As you said, the two solutions are equal. Your solution is that you MUST go
with IndexOf. Mine is you can use either.
Well, they're equal in terms of their semantics. They're definitely not
equal in terms of maintainability, and as that's important to me, I
don't see what's wrong with saying that I'm very strongly in favour of
avoiding the less readable/maintainable code.
I wasn't referring to this particular issue when I said this.
It would have been nice if you'd indicated that. Do you agree then that
it doesn't actually take any more brainpower to come up with
String.IndexOf instead of Regex.IsMatch, but in fact it takes *less*
brainpower when it comes to maintaining the IndexOf solution?
I never said I was not familier with IndexOf.
As a matter of fact, the original question was given whether you could "do a
search for more that one string in another string".
And of course the answer is "yes, by calling IndexOf multiple times".
****************************************************************
Can you do a search for more that one string in another string?
Something like:
someString.IndexOf("something1","something2","something3",0)
or would you have to do something like:
if ((someString.IndexOf("something1",0) >= 0) ||
((someString.IndexOf("something2",0) >= 0) ||
((someString.IndexOf("something3",0) >= 0))
{
Do something
}
***************************************************************************
IndexOf doesn't do it. This was the original question. You have to do
multiple calls as is said in the original question. Nicholas was correct in
his assessment. One Regex call would work.
Yes, as would a single call to a method which called IndexOf on the
string multiple times. I disagree with you - Nicholas wasn't correct in
his assessment, as he claimed that the "best bet" would be to use a
regular expression. Using regular expressions is just *not* the best
bet here - it requires more effort, as I've described repeatedly.
Okay - now suppose I need to change it from searching for "something1"
to "something.1" or "something[1]". How long does it take to change in
each version?

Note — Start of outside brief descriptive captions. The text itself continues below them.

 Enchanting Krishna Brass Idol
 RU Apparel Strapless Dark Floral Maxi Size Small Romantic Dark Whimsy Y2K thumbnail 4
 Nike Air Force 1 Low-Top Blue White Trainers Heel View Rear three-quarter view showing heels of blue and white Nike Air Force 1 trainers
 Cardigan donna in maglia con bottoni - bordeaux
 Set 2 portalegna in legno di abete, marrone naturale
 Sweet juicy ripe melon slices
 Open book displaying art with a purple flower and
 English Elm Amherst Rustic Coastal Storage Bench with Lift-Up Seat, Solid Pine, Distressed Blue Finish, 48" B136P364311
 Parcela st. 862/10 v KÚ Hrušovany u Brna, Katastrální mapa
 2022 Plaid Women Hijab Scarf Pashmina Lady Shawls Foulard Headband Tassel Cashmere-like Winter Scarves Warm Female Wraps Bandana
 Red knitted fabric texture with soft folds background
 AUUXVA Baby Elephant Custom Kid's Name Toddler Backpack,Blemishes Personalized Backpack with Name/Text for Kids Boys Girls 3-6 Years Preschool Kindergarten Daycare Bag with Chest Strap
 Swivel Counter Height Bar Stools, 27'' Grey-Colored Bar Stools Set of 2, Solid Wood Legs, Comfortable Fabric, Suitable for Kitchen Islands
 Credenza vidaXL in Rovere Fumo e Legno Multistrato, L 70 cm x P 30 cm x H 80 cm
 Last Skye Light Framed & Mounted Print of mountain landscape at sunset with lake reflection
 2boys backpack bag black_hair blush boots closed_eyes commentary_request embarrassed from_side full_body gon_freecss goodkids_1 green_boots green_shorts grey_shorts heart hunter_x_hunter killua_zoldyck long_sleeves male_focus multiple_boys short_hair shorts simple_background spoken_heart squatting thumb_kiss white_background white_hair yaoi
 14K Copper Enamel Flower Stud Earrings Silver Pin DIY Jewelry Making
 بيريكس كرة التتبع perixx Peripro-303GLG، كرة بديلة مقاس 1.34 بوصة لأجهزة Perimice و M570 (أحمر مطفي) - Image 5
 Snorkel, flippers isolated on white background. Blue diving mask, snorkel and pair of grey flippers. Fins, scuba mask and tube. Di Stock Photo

How easy is it to read afterwards?
That wasn't the question.
Are you suggesting that maintainability isn't something that should be
considered? Do you *really* want to look for "something1",
"something2" and "something3" or were they (as I suspect) just
examples, and the real values could easily have dots, brackets etc in?
What if you wanted to change "something1" to "something\". Same problem.
Well, half the problem with IndexOf than it is with regular
expressions. With regular expressions, you'd need to know that not only
does backslash need escaping in C#, it also needs escaping in regular
expressions.
IndexOf: "something\\" or @"something\"
Regex: "something\\\\" or @"something\\"
Once again, the IndexOf version is easier to understand - there's less
to mentally unescape to work out what's actually being asked for.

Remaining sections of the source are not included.